The Kingdom of Antarctica, then, my black kingdom on the black ice—whether one recognizes it as my illusion or as a genuine catastrophe—was ever a twice-told tale. I believe this profoundly true, because what I have called the Age of Exile does appear to me, abandoned here in my timeless ice prison to ponder and to muse, to be a cruel repetition of the Norse Age of Migration. That is what the book writers called the close of the first millennium anno Domini, without irony. All I ought to know of the Age of Migration, ten, eleven, twelve centuries back and half the circumference of the world to the north, ought to be fog, screams, and the transcendant language of the document that shines through that darkness: the holy book of the Age of Migration, Beowulf, King of the Weather-Geats, slayer of Grendel and mother, hero of heroes. Instead, I can convince myself that I have lived through that same darkness at the close of the second millennium anno Domini. The fleet of the damned has raised sails over the oceans of time.
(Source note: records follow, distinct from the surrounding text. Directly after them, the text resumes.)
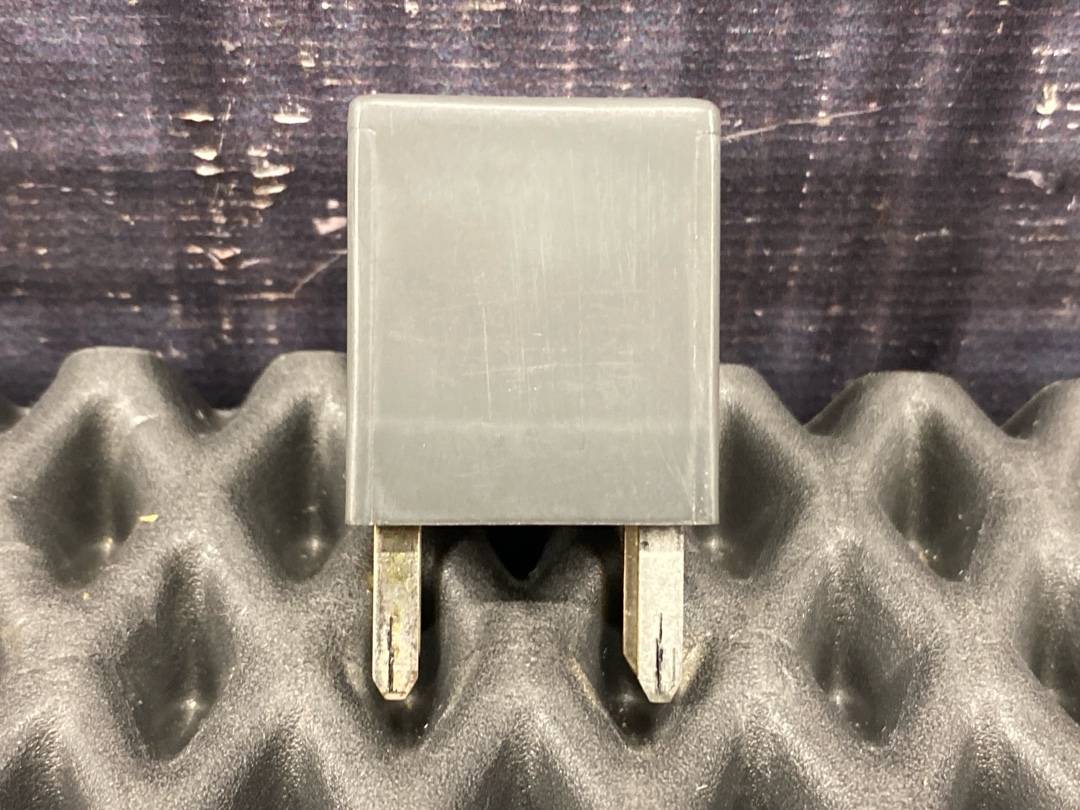 Реле, 434 рублей, Красноярск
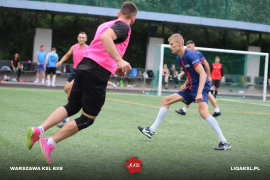 <a href="https://st.getinfootball.com/albums/1082769/64c2a865537a0_1920.jpg" target="_blank">Download original</a>
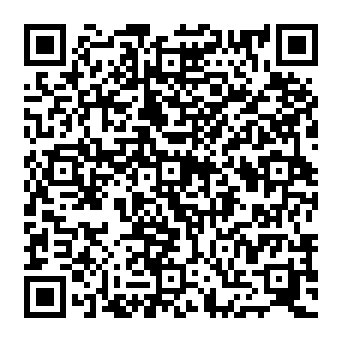 QR cd2a20b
The joy is gone for me now in the poetry of Beowulf’s evil-battling days. And I believe it no coincidence that my berserker dreaming can resemble the book of Beowulf. As to why, I have two minds. Either one can argue some Norse virus was awakened in my blood, like an infection of ideas, when I thrust myself from Golgotha into the terror of Anvers Island, so that the language of Beowulf spilled up across a millennium to flood my mind with ghastly images; or else one can argue that the mind of Grim Fiddle was overwhelmed by the loss of his grandfather, father, family, and reason for being, and thereby Grim Fiddle was hurtled back into a language that he had studied more closely than his heartbeat when he was warm and secure with his loved ones.
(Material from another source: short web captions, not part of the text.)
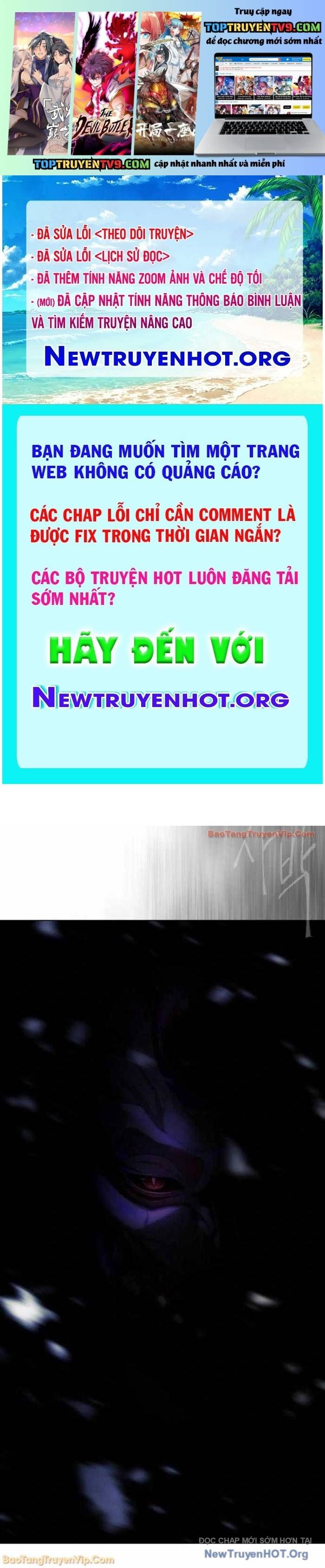 Kỷ Nguyên Siêu Anh Hùng Chapter 201 - TC Truyện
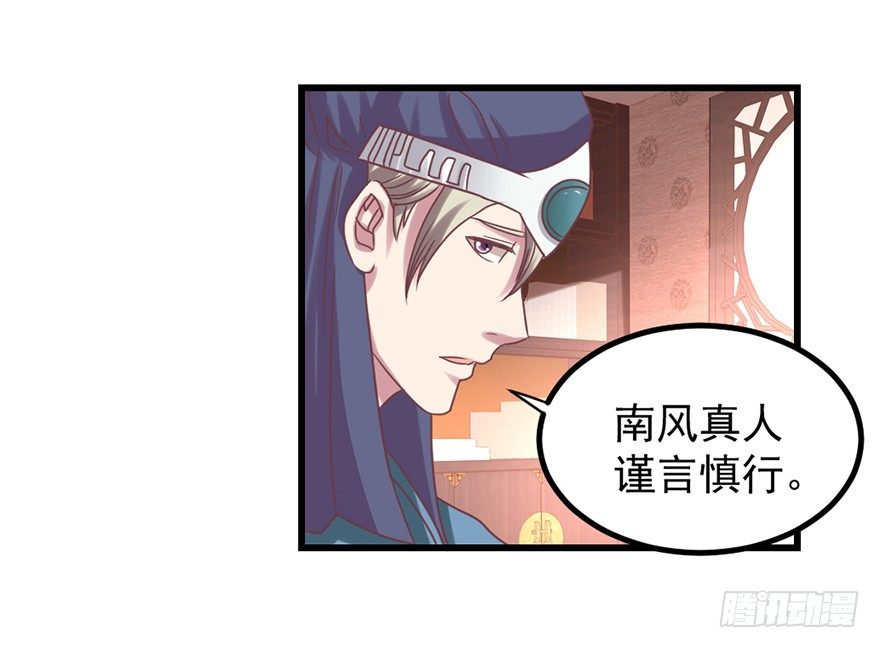 喜欢我这样嘛18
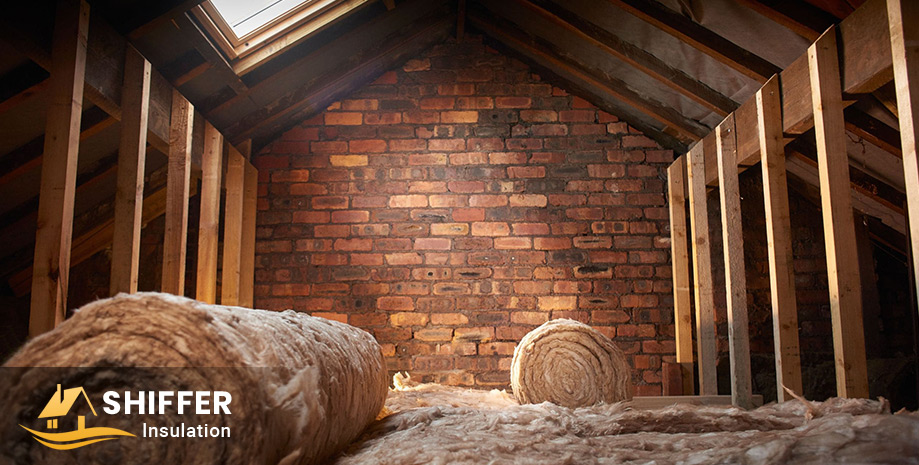 Insulating-Your-Old-Home-Flawlessly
I do not choose. Both are revealing. And my dreaming was not a fleeting nightmare. I lived it. Yes, Mother’s portent, her theft of the future, was fulfilled in the most bizarre way—in my dream. But not only there. How shrewd of Lamba Time-Thief not to have mentioned that Skallagrim Ice-Waster, Wolfman and Rune-Carver, king of the black and hurt half-men of the wall of blizzards and behemoths, heeder of the ghost of a thousand-year-dead outlaw, would also, and at the same time, become the warlord of Antarctica. How humbling of my luck to discover that when a prophecy becomes a history it does not salve the sting of truth. Murder is still murder, crime is still crime, and no matter how fancifully one has envisioned it—the head of a hero, or the Bulwark of the South—there is no going back. It is a fate in a dream from which one awakens covered in genuine infamy.
My crimes were legion. The worst was pride. I pretended to be greater than those wretched people. In my vanity, I pretended to lead the meek to glory. I did not see at the time that when a fallible man takes upon himself the work that belongs only and finally to God, he must
fail, and fail in the worst way possible. I did not try to be God. I tried to do his work. This is still prideful, and ruinous, and damning.